Poster
in
Workshop: New Frontiers in Learning, Control, and Dynamical Systems
In-Context Decision-Making from Supervised Pretraining
Jonathan Lee · Annie Xie · Aldo Pacchiano · Yash Chandak · Chelsea Finn · Ofir Nachum · Emma Brunskill
Large transformer models trained on diverse datasets have shown a remarkable ability to learn in-context, achieving high few-shot performance on tasks they were not explicitly trained to solve. In this paper, we study the in-context learning capabilities of transformers in decision-making problems, i.e., bandits and Markov decision processes.
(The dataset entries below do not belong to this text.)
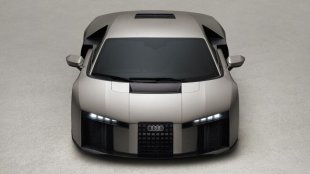 Audi ще пусне електромобил с турбо дупка и вибрации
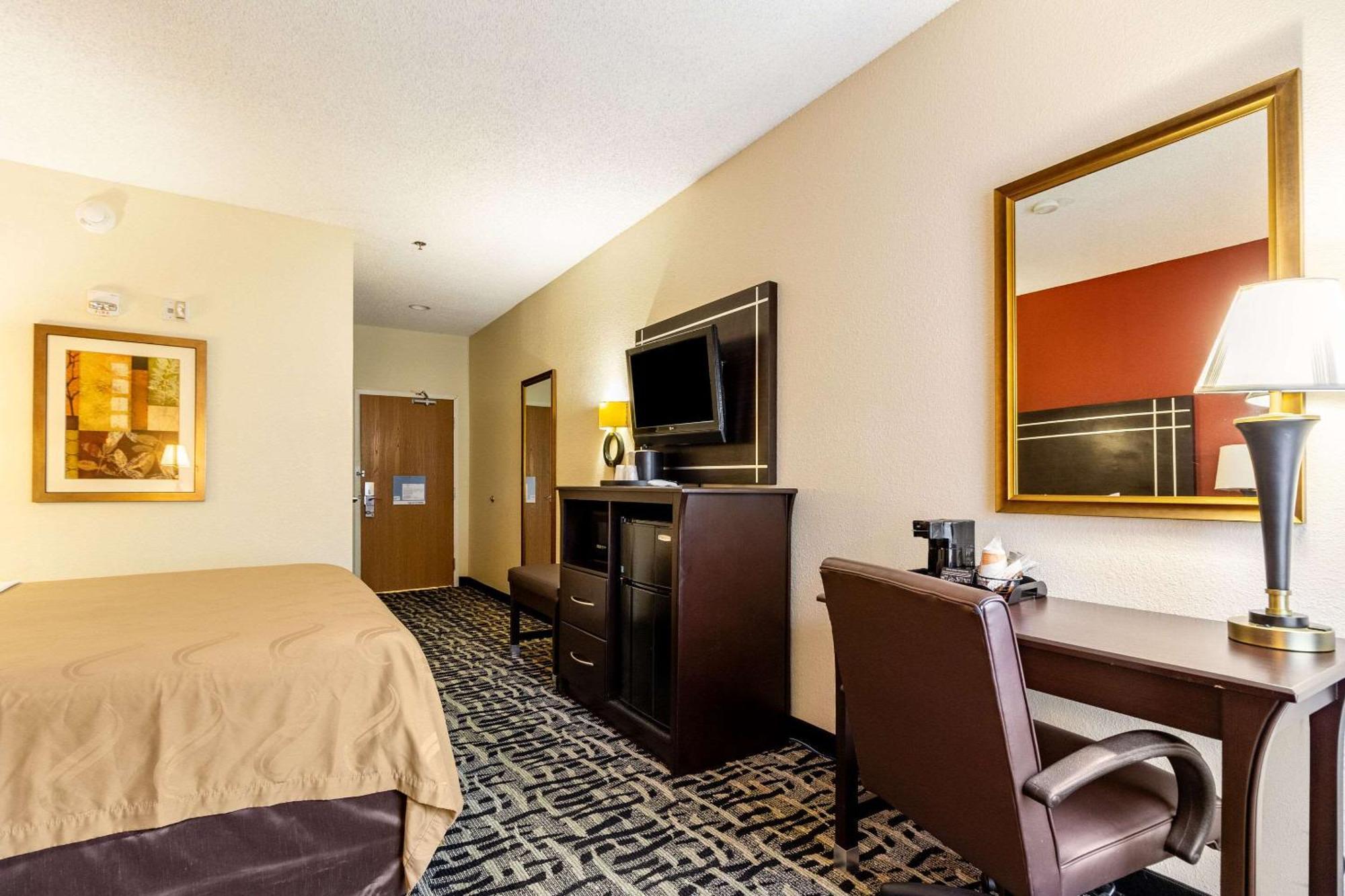 Quality Inn Texas City I-45 Luaran gambar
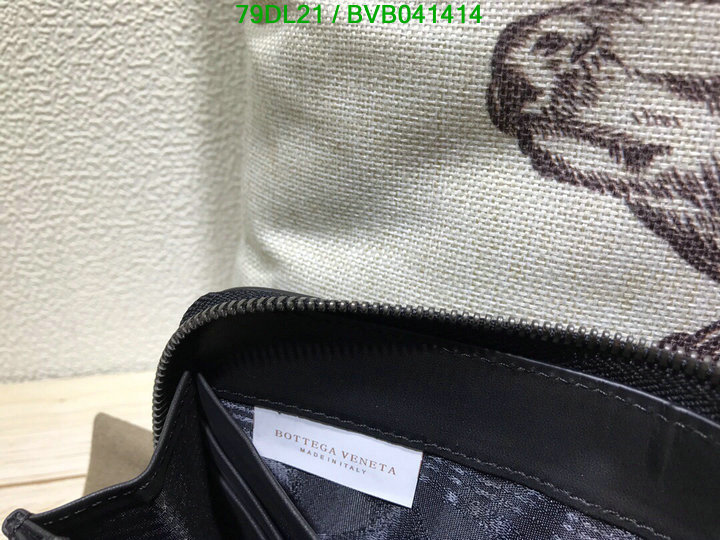 BV Bag-(Mirror)-Wallet-,Code: BVB041414,$: 79USD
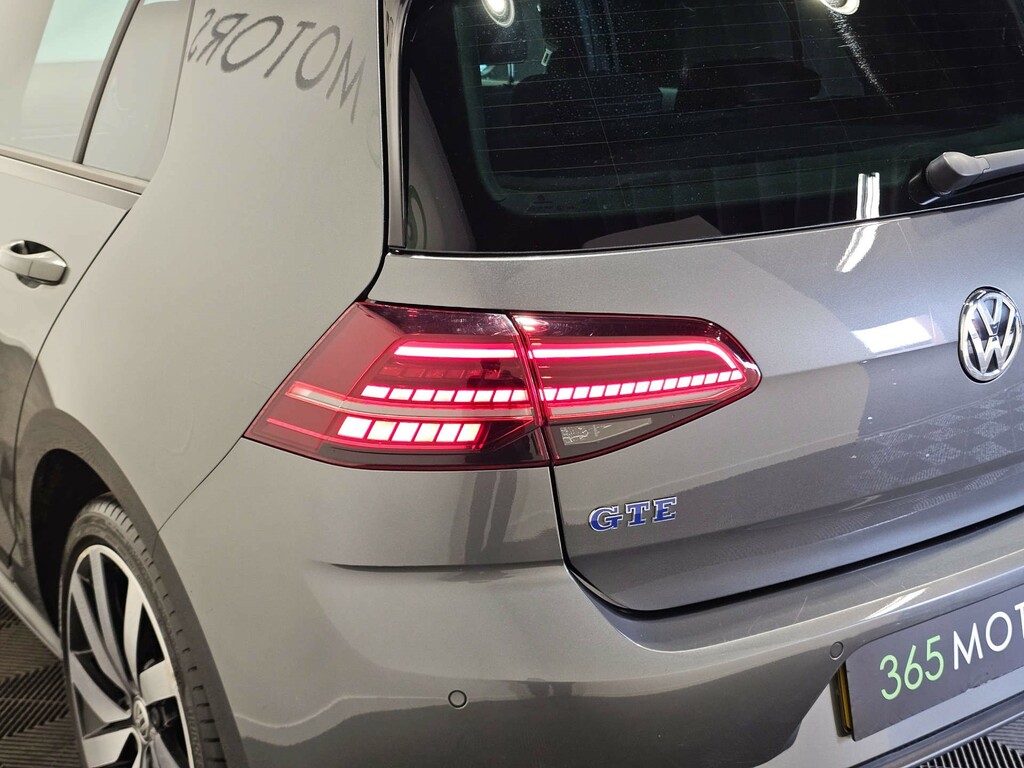 Volkswagen e-Golf Tsi 8.7Kwh Gte Advance Plug-in Hybrid Dsg Euro 6 Grey #32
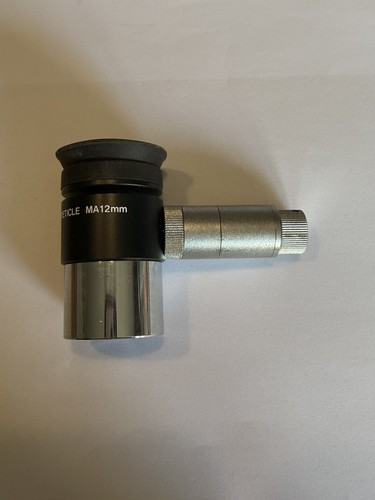 Meade 12mm reticolo - ma,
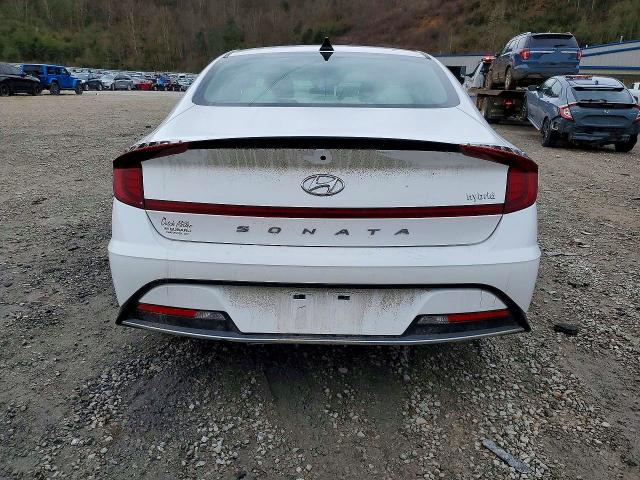 HYUNDAI SONATA HYBRID SEL 2023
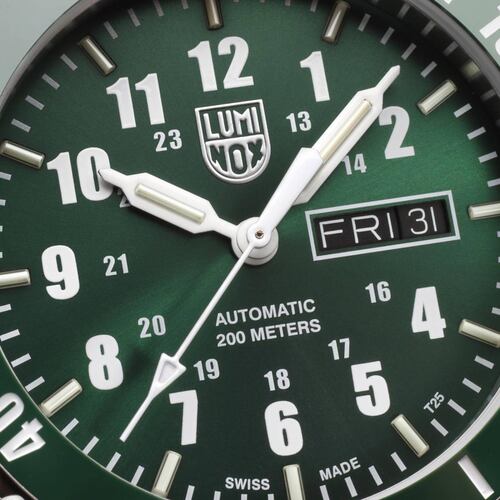 Reloj Pulsera Luminox Hombre Acero Edición Limitada Xs.0937 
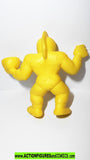 Kinnikuman Kinkeshi m.u.s.c.l.e KINNIKU MAN GYUDON yellow bandai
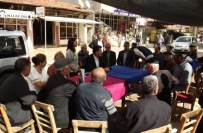 HALKLARIN DEMOKRATİK PARTİSİ - HDP'den Doğanşehir'e Ziyaret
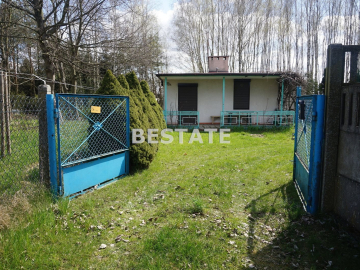 Działka siedliskowa w pobliżu Pabianic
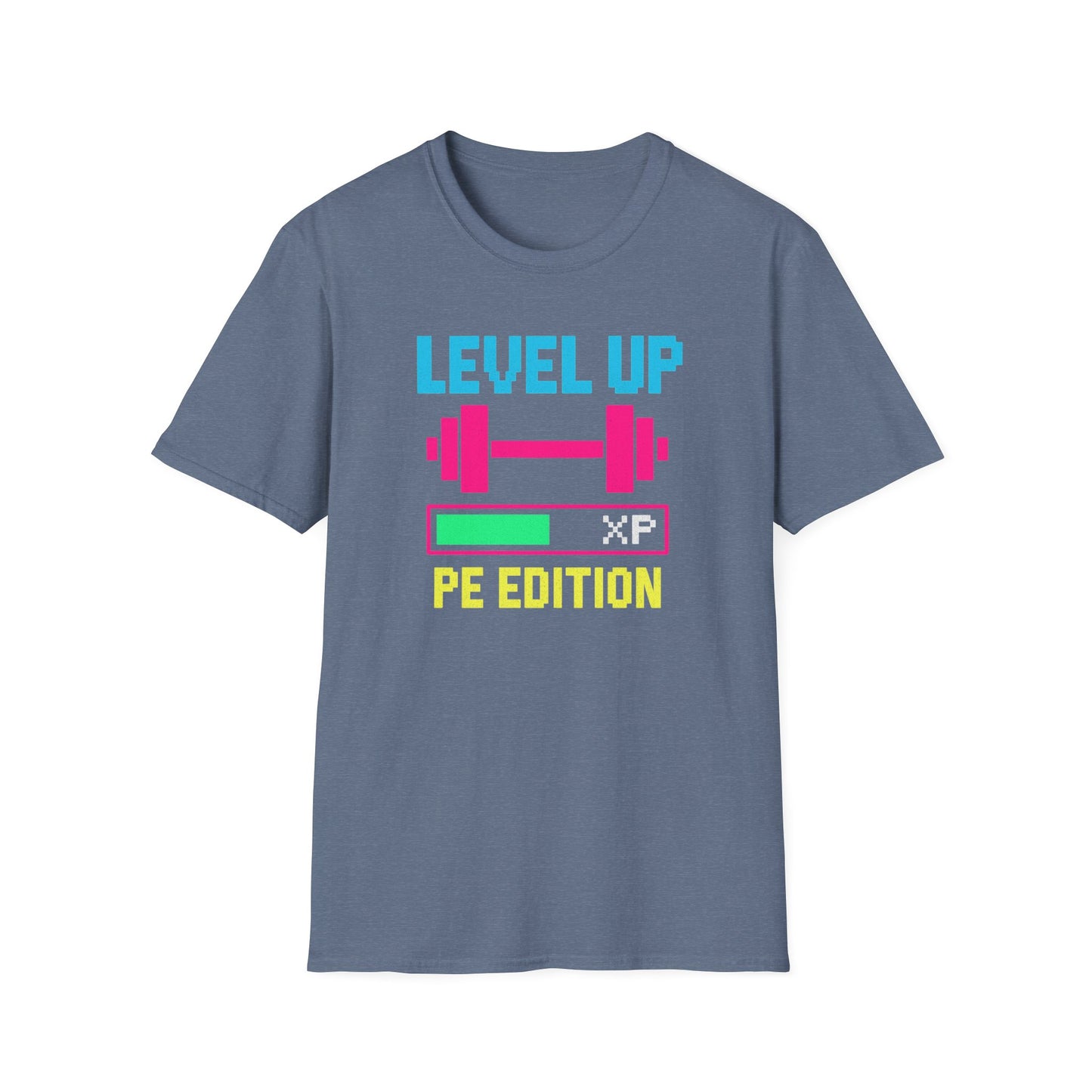 Level Up PE Edition Shirt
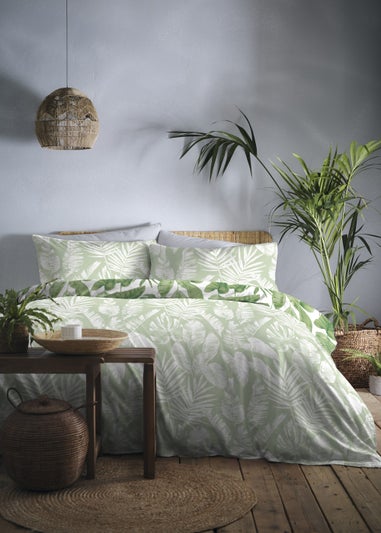 Dreams & Drapes Tahiti Duvet Cover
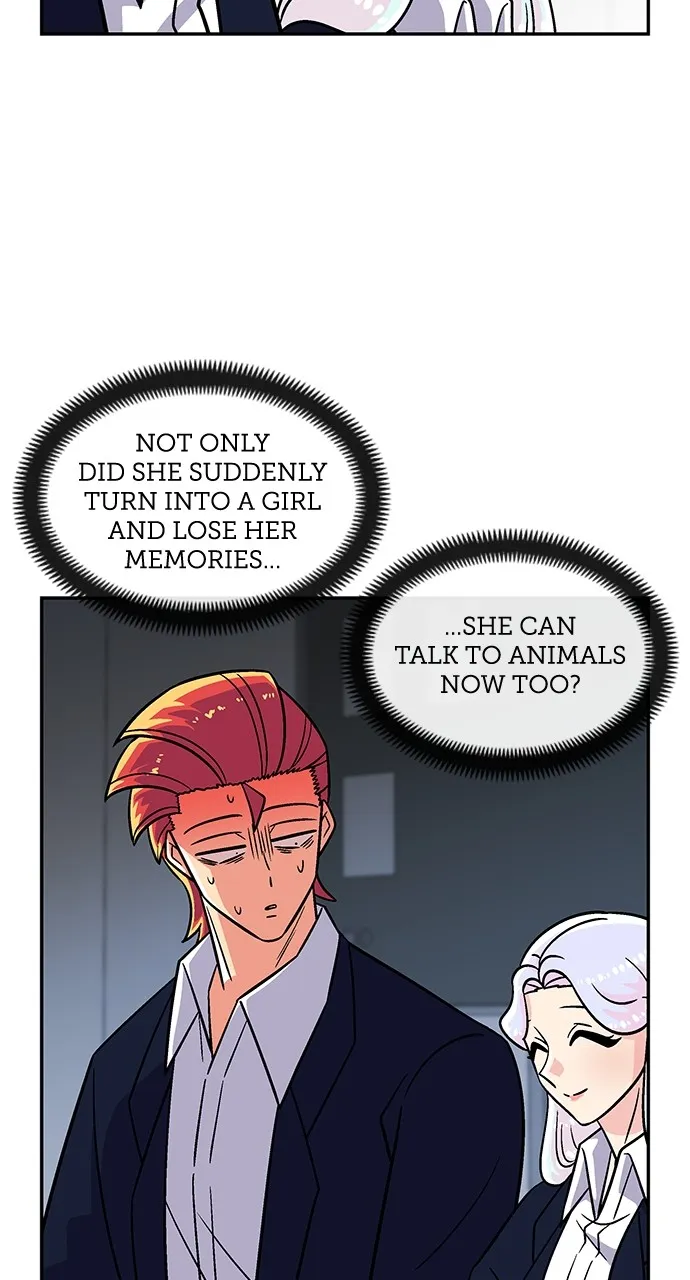 Princess Hurricane Chapter 8 page 15 - 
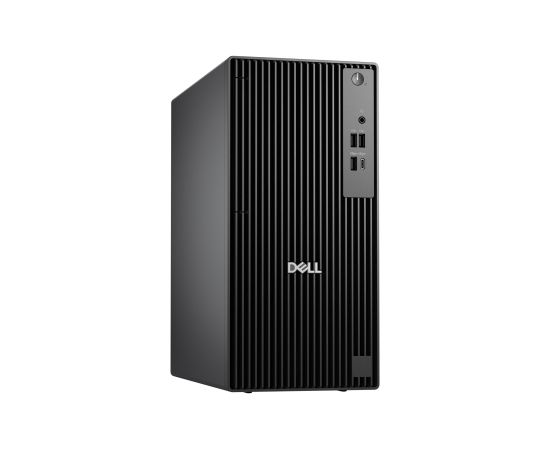 Dell Pro QCT1250 Desktop Tower Intel Core i5 i5-14500 Internal memory 16 GB Solid-state drive capacity 512 GB Intel Integrated Graphics No Optical Drive Keyboard language No keyboard Ubuntu Warranty 36 month(s) Personālie datori
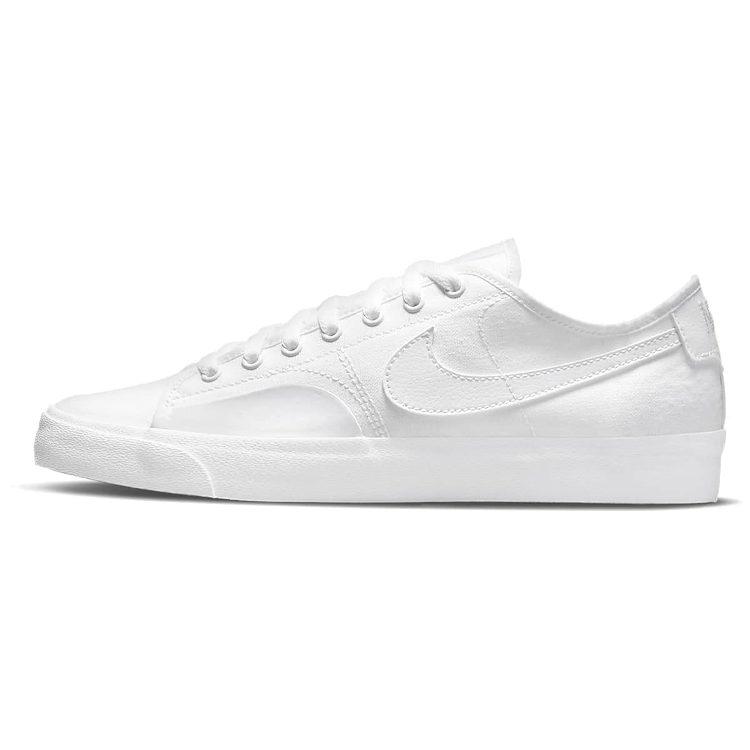 Nike Sb Blazer Court Icy White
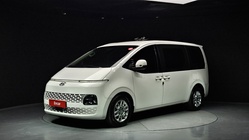 Hyundai Staria 2022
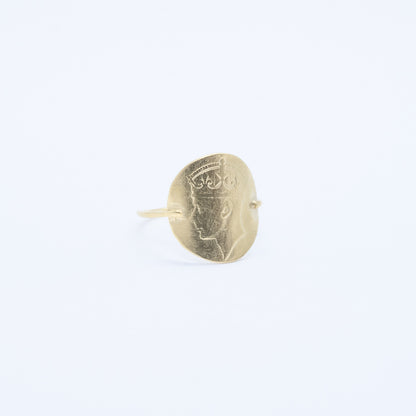 KING GEORGE RING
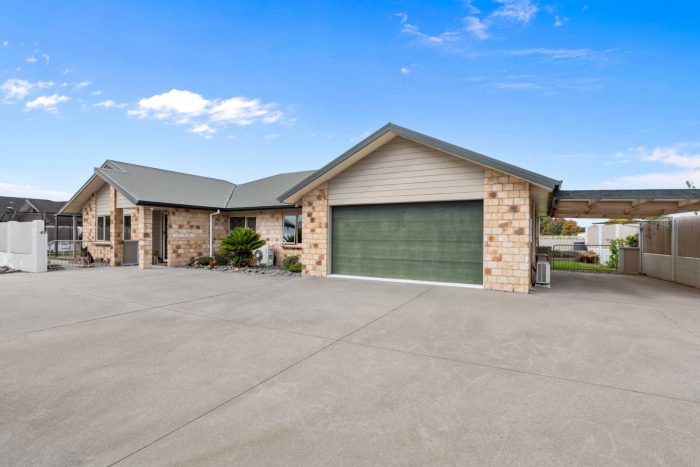 12B Kilbride Road, Matamata, Matamata-Piako, Waikato, 3400, New Zealand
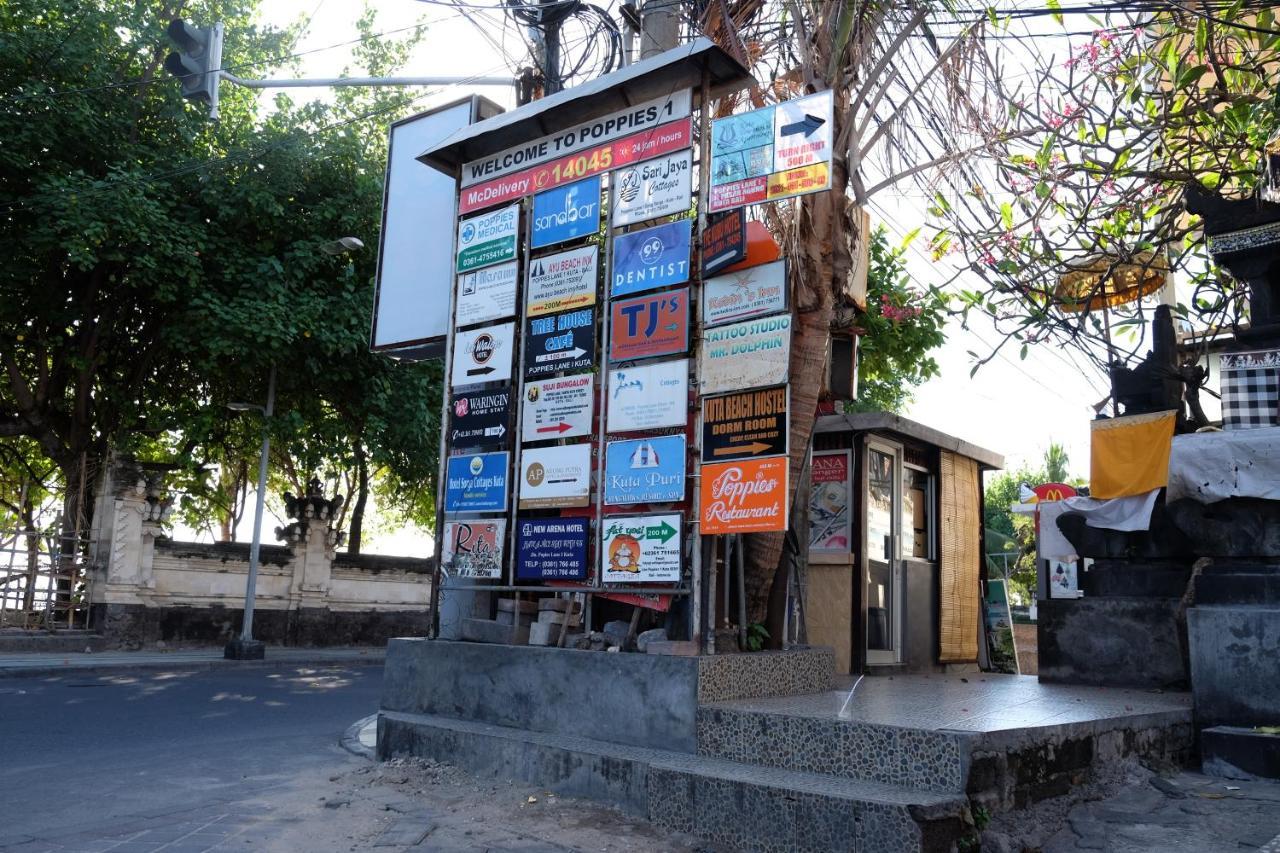 Fat Yogi Cottages Kuta Lombok Exteriér fotografie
To do so, we introduce and study a supervised pretraining method where the transformer predicts an optimal action given a query state and an in-context dataset of interactions, across a diverse set of tasks. This procedure, while simple, produces an in-context algorithm with several surprising capabilities. We observe that the pretrained transformer can be used to solve a range of decision-making problems, exhibiting both exploration online and conservatism offline, despite not being explicitly trained to do so. It also generalizes beyond the pretraining distribution to new tasks and automatically adapts its decision-making strategies to unknown structure. Theoretically, we show the pretrained transformer can be viewed as an implementation of posterior sampling. We further leverage this connection to provide guarantees on its regret, and prove that it can learn a decision-making algorithm stronger than a source algorithm used to generate its pretraining data. These results suggest a promising yet simple path towards instilling strong in-context decision-making abilities in transformers.